Existir é saber-se de si, mas é também saber do outro. Saber não apenas com a razão, mas com o sabor do coração. Sem o outro, nada existimos. Tanto o outro Natureza, agora expressa na vitalidade pandêmica de um vírus letal, como o outro Humanidade, padecente em sua vulnerabilidade existencial. É preciso saber de um e de outro.

“Por que você foi ver o Arco-Íris e não me chamou? Me diga, Menina, e fale do arco do céu, das cores do Sol!”, lembra outro poeta, o caruaruense.
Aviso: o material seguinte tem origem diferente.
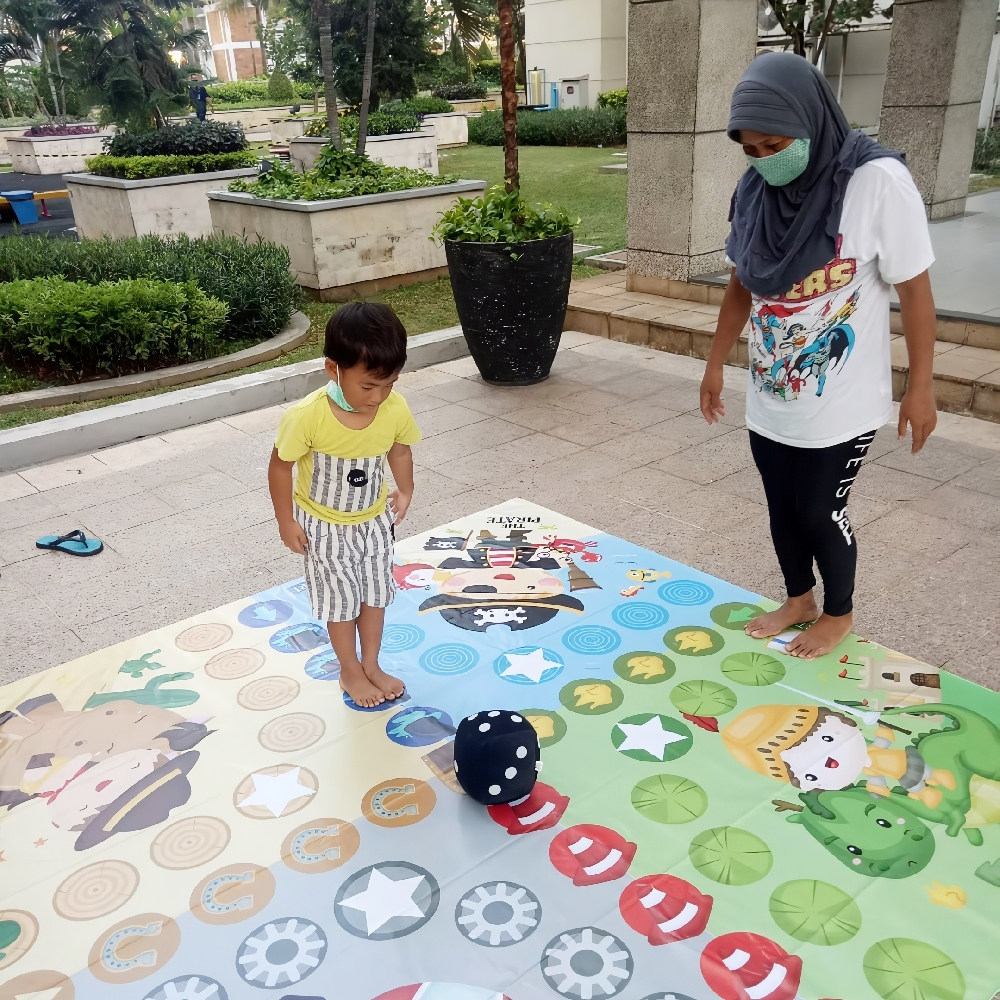 Sadaka Ludo Jumbo Permainan Edukasi Anak Ukuran 2 X 2 Meter Free Bantal Dadu + Tas Totebag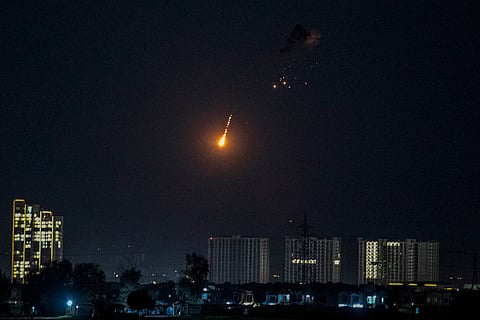 Míssil atinge base dos EUA no Qatar. Trump admite pôr Marinha a escoltar petroleiros no estreito de Ormuz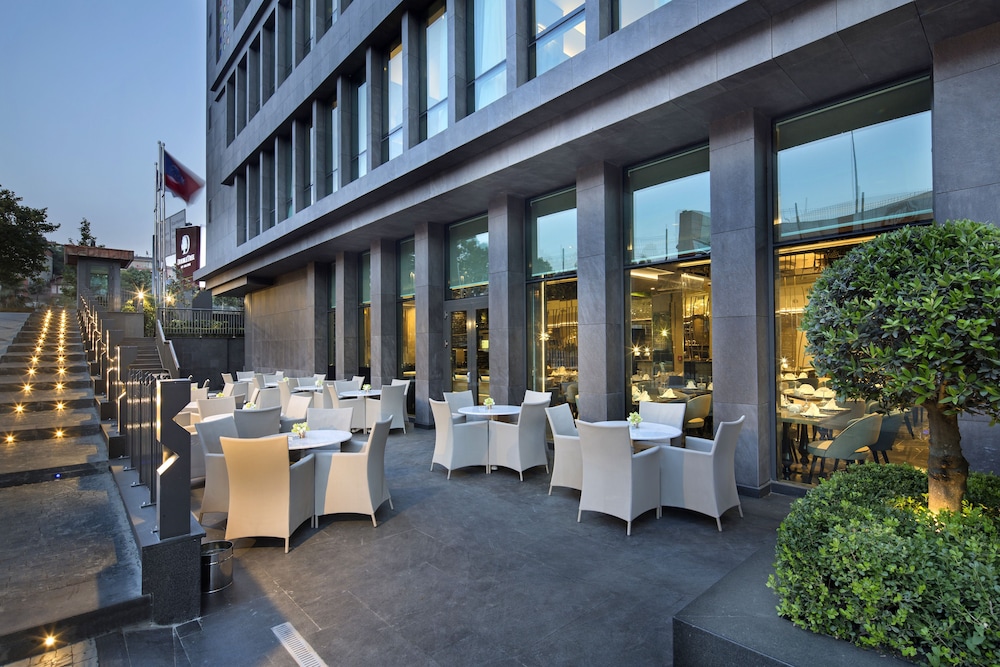 DoubleTree by Hilton Hotel Istanbul - Piyalepasa — Restaurant & bars in Istanbul, Istanbul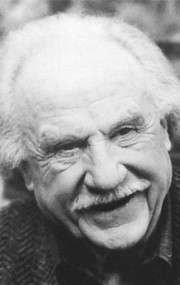 Актер Джек Уорден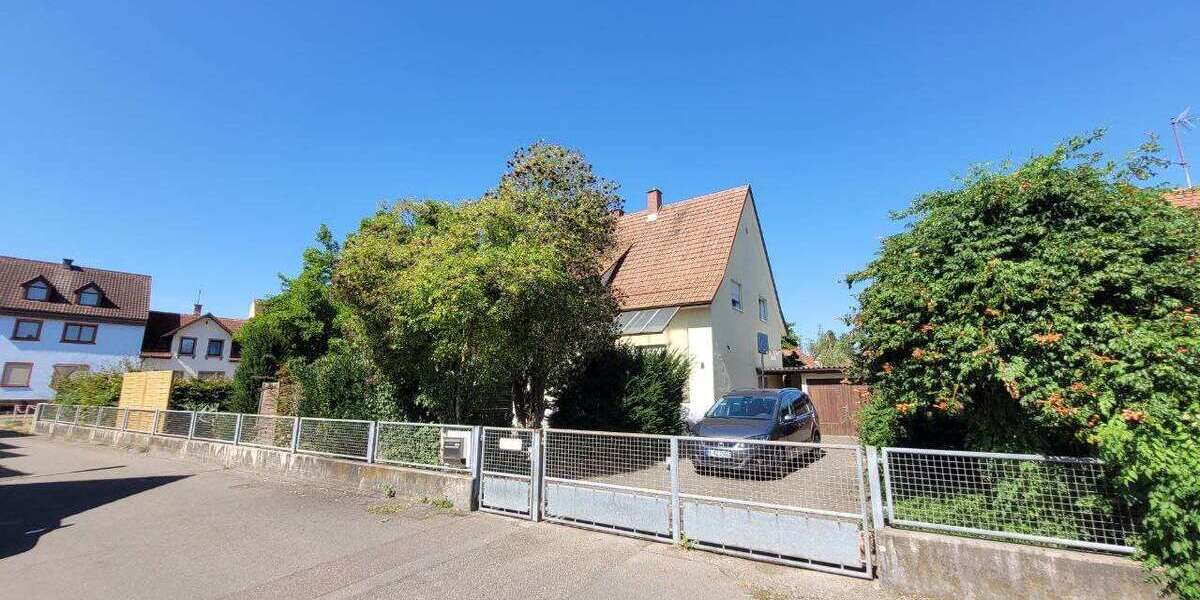 Einfamilienhaus Kehl - 6 Zimmer, 150 m&sup2;, 320.000&euro; | Angebot:25844549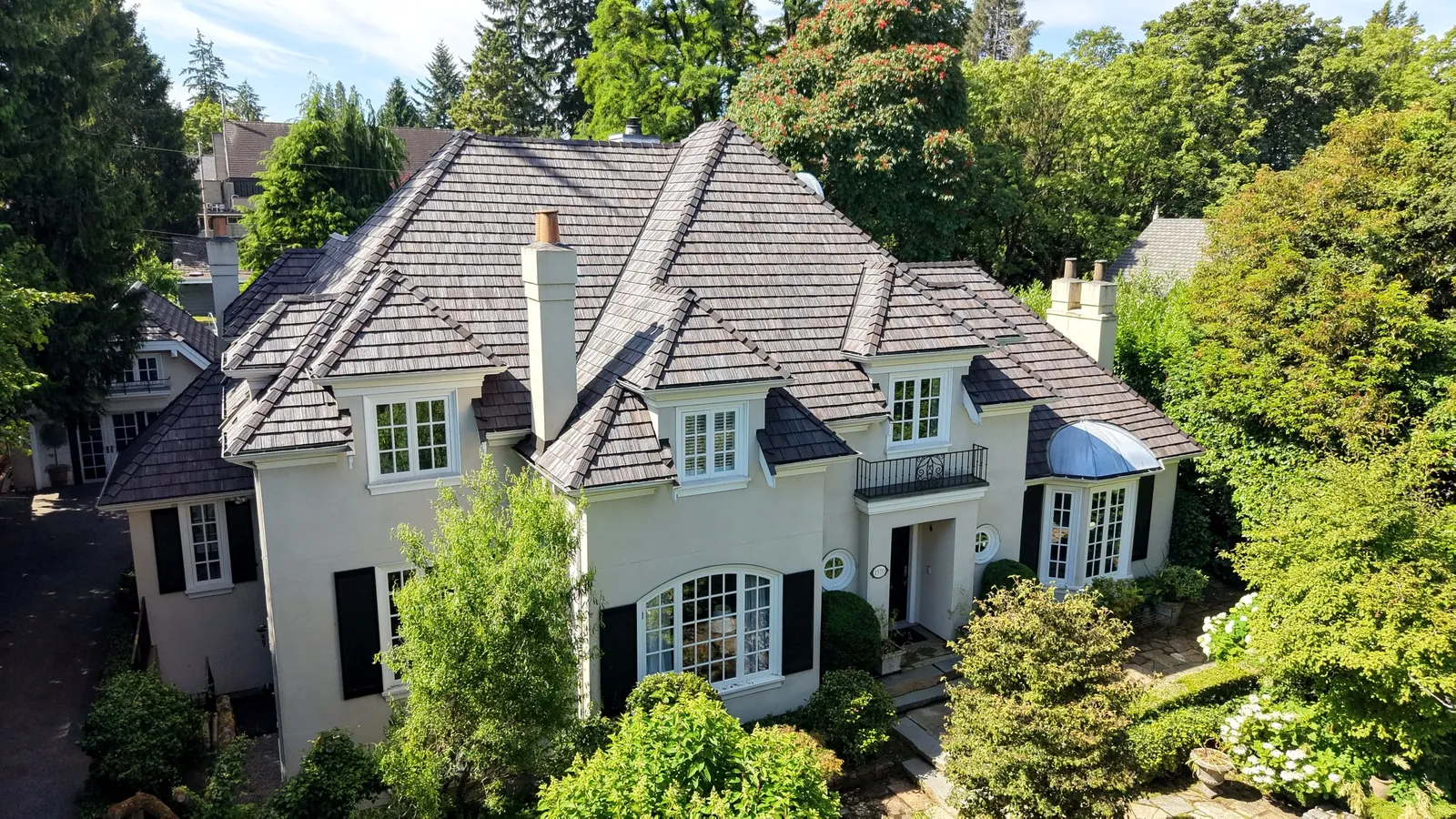Brava composite cedar shake roof — luxury home, Vancouver West Side, installed by Stonnex Roofing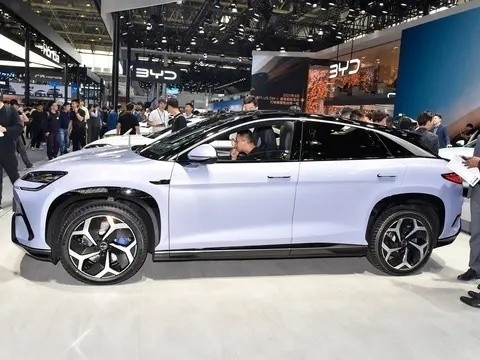 610 km de autonomia elétrica 2024 Byd SUV Car Sea Lion 07EV com EV Veículos elétricos Drive FWD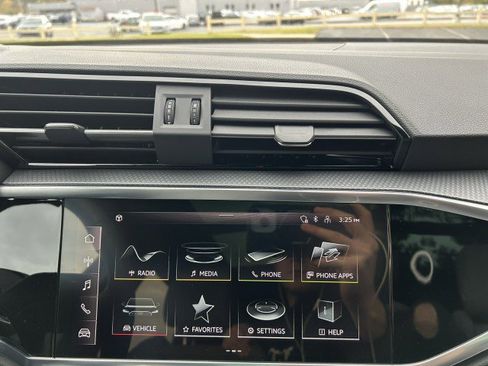 Certified 2025 Audi Q3 2.0T Premium w/ Convenience Package image 14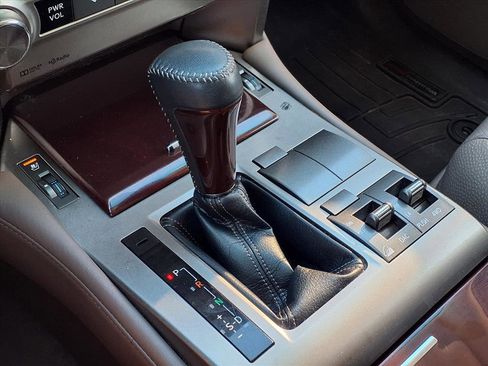 Used 2017 Lexus GX 460 Premium image 18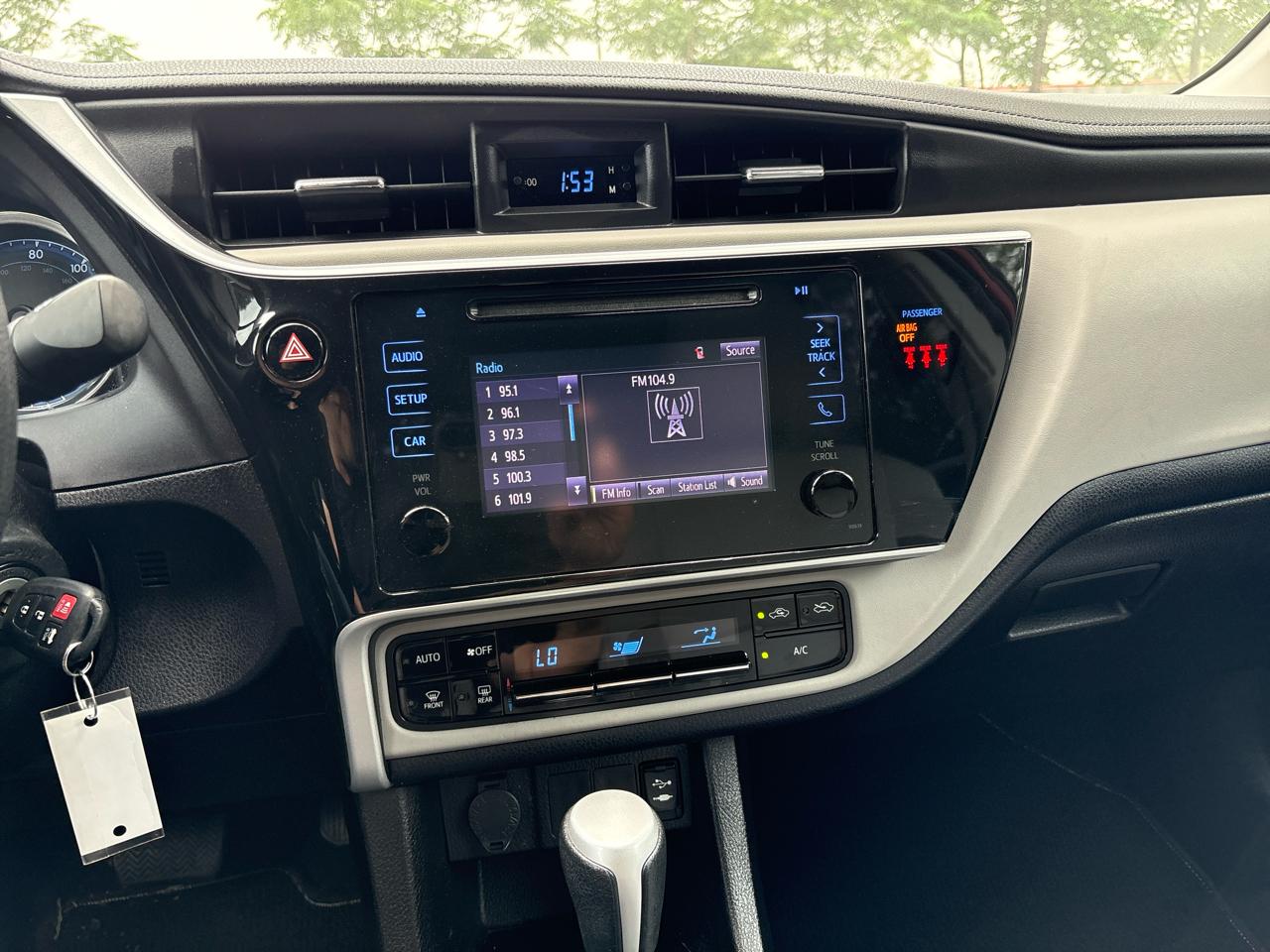Toyota Corolla XLE CVT (Natl) 2018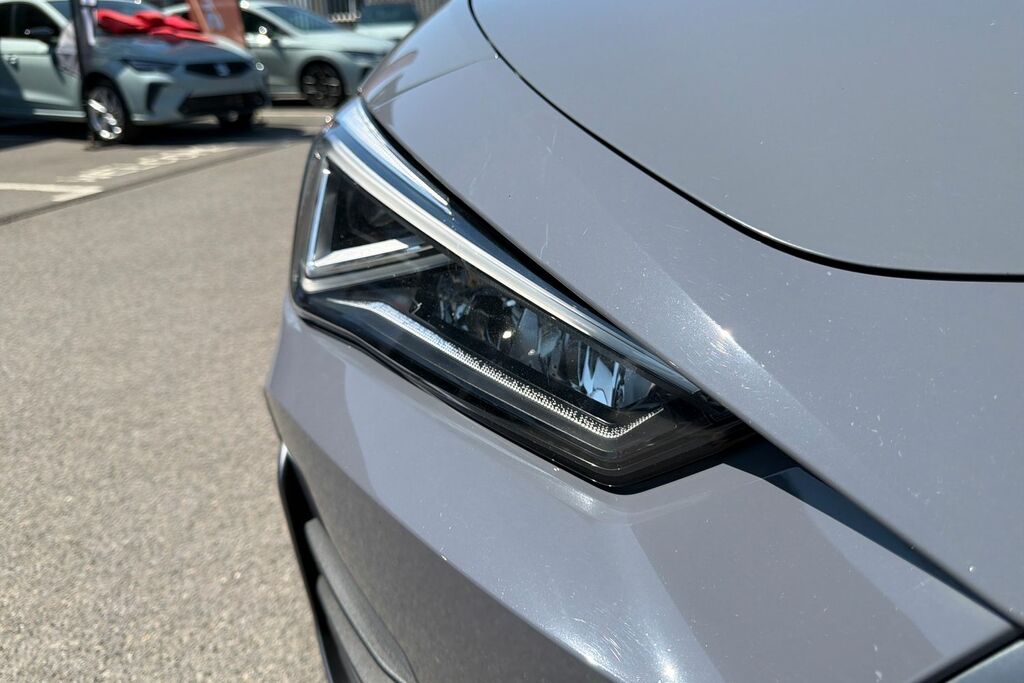 Cupra Leon 2L Vz1 Red #68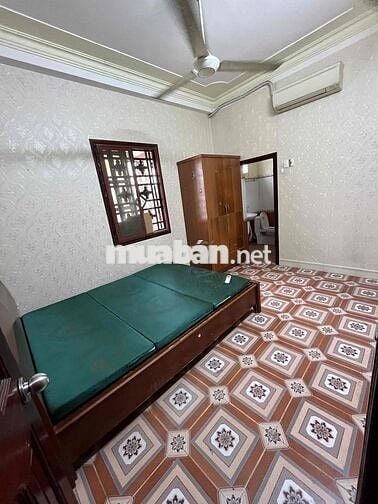P trọ Bùi Đình Tuý giá rẻ, sát chợ, tiện đi các quận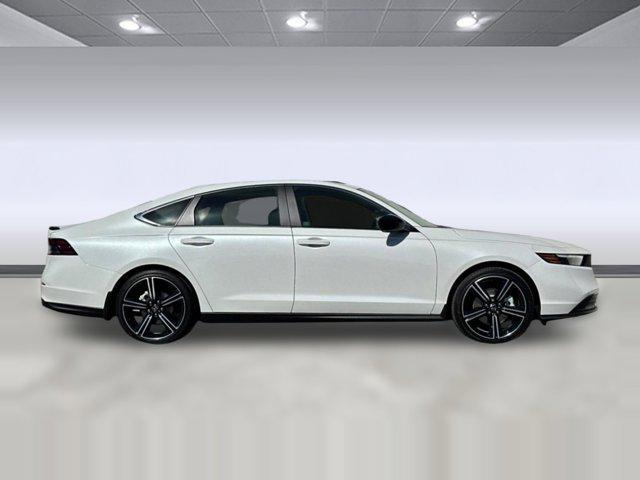 new 2025 Honda Accord Hybrid car, priced at $35,305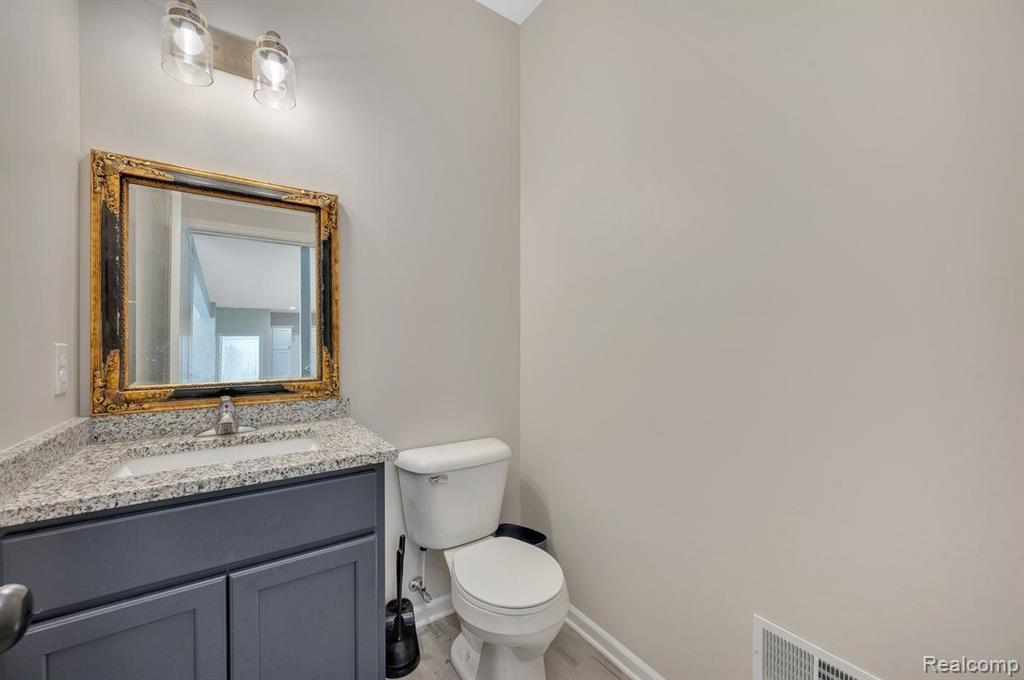 2472 Miller Road Memphis, MI 48041 - Photo 12 of 24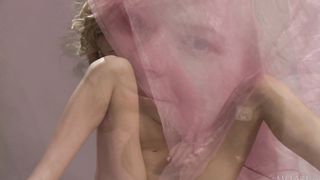 Paloma B in solo video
Tudo pode ser negado, mas não o Ser. Qualquer que seja a definição dada nas diversas linguagens e culturas, a posição original do pensamento humano consiste em afirmar que o Ser é. Esta experimentação do Ser nos é oferecida por tudo o que nos está próximo, em volta de nós, ou em nós, bem como no existir das menores coisas, assim como o das maiores. No Sol e no Vírus. Na praça entupida de gentes ou nas ruas vazias. Tão iguais, tão diferentes.

Aqui está a maravilha de nossa experiência humana: o Ser em sua aparência reveste-se de Multiplicidade infinita. Variedade. Diversidade. Consequentemente, há um elo que liga tudo ao Ser, como as cores do Sol ligam-se todas ao seu astro-rei.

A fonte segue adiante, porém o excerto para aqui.